Bug 197843

Summary: native_calibrate_tsc(): possibly incorrect TSC frequency on newest Intel Skylake-X CPUs, i7-7820X in particular
Product: Timers Reporter: Ivan (nekotekina)
Component: Interval TimersAssignee: timers_interval-timers
Status: NEW ---    
Severity: high CC: piecuch
Priority: P1    
Hardware: x86-64   
OS: Linux   
Kernel Version: 4.10 ~ 4.13 Subsystem:
Regression: No Bisected commit-id:

Description Ivan 2017-11-11 00:24:05 UTC
Hello, I have Intel i7-7820X CPU and ASRock X299 Taichi motherboard.

I had various problems with this platforms (broken sound for example) which got fixed by setting clocksource=hpet boot option.

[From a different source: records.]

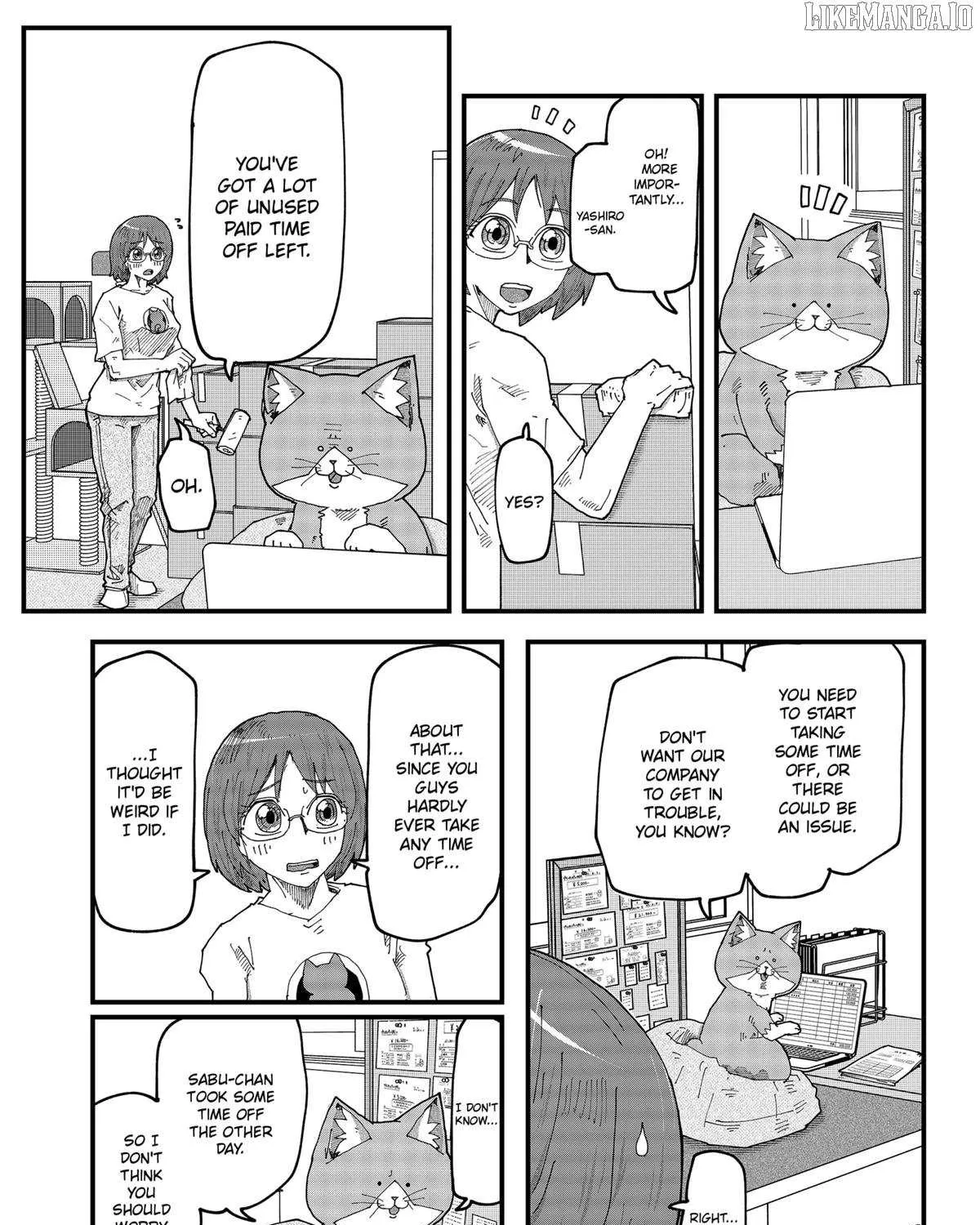 Read Ramen Aka Neko chapter 161 image 9 on Lezhin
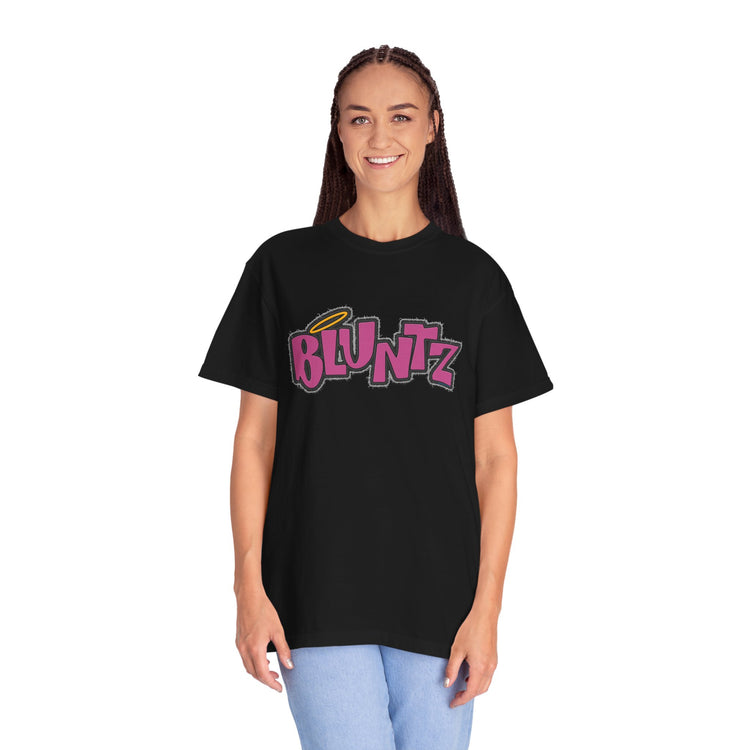 Bluntz Unisex Garment-Dyed T-shirt - Fandom-Made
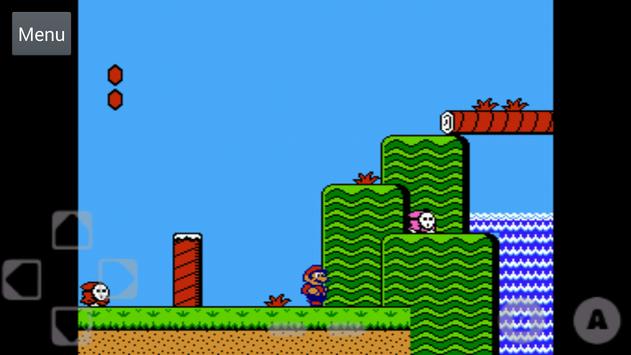 Free NES Emulator Mod Screenshot 1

By default, it calculated to 3,75 GHz, however, it seems that the real TSC frequency for this CPU is 3,6 GHz. By calculation I mean simple observing RDTSC results before and after waiting for a significant period of time (several seconds). My calculations may be wrong, though, I can't be 100% sure.

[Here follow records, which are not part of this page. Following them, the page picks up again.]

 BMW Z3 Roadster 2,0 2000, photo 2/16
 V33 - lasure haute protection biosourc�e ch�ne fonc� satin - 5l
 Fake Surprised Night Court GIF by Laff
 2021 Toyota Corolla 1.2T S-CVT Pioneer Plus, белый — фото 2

I tried to figure out what is the real TSC frequency for my CPU. native_calibrate_tsc() function uses crystal frequency 25000 KHz for Skylake-X, which computes to 3,75 GHz. Other Skylake models use 24000 KHz. I modified native_calibrate_tsc() to use 24000 for Skylake-X, built the kernel, and the TSC frequency computed to 3,6 GHz. Issues were also fixed this way, similarly to setting clocksource=hpet.

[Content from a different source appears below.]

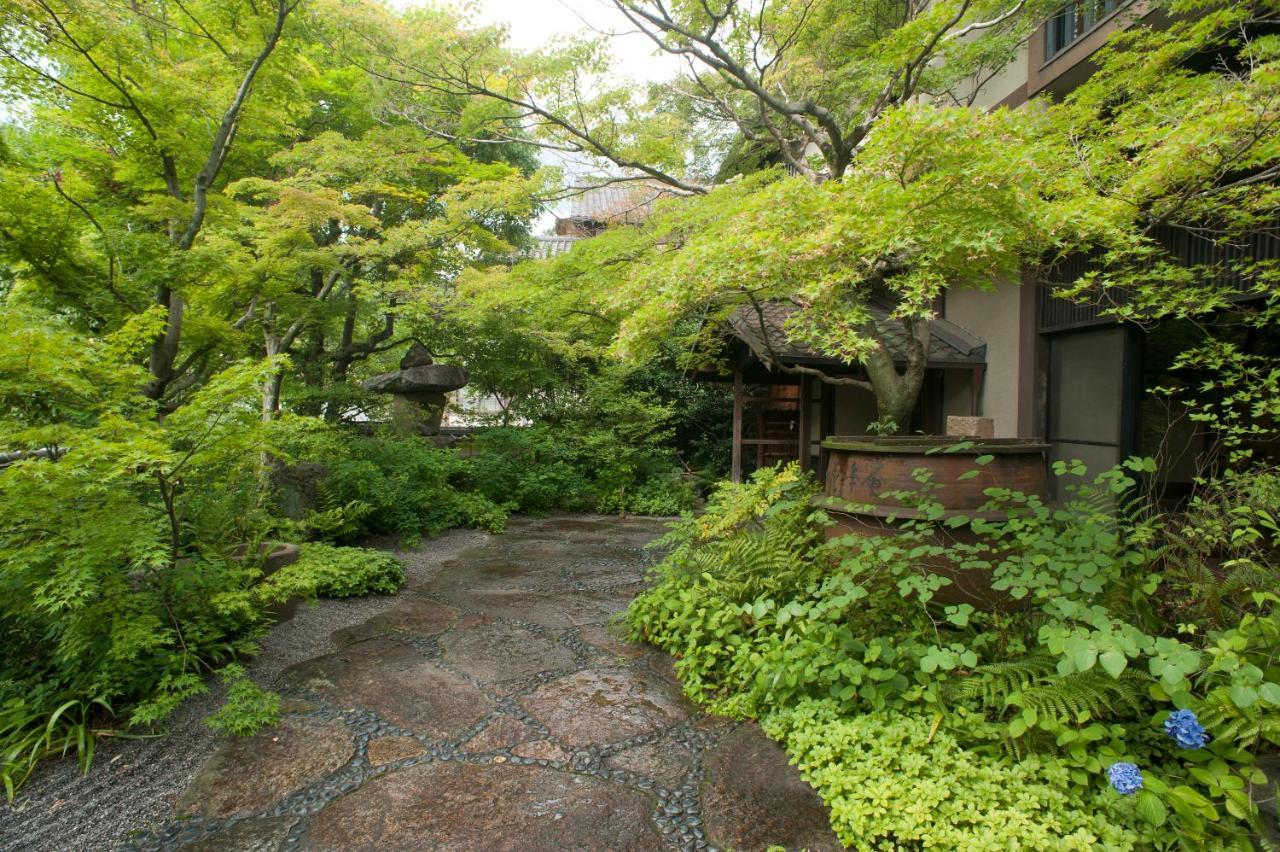 Ryokan Sumiya Kihoan Kameoka Kültér fotó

Values from CPUID[0x15]: 2; 300; 0; --

150 * 25 MHz = 3,75 GHz
150 * 24 MHz = 3,60 GHz

Does it mean that newest desktop Skylake-X CPUs are not really supported yet, or it's an actual bug? I'm not attaching any patches or logs. I'm sorry if this is an invalid report, I'm completely new to these things.
Thanks.
Comment 1 bjascob 2017-12-23 16:39:28 UTC
I have a very similar issue with an ASUS Prime X299-A motherboard and i9-7940x CPU.  I'm seeing a 4% clock drift which causes audio output from VLC to be glitchy.  Unlike you, however, my kern.log says tsc detected the processor speed correctly at 3.1GHz.  The clock drift doesn't seem to be causing any instability and I've left my clocksource at the default (which is tsc per the kern.log).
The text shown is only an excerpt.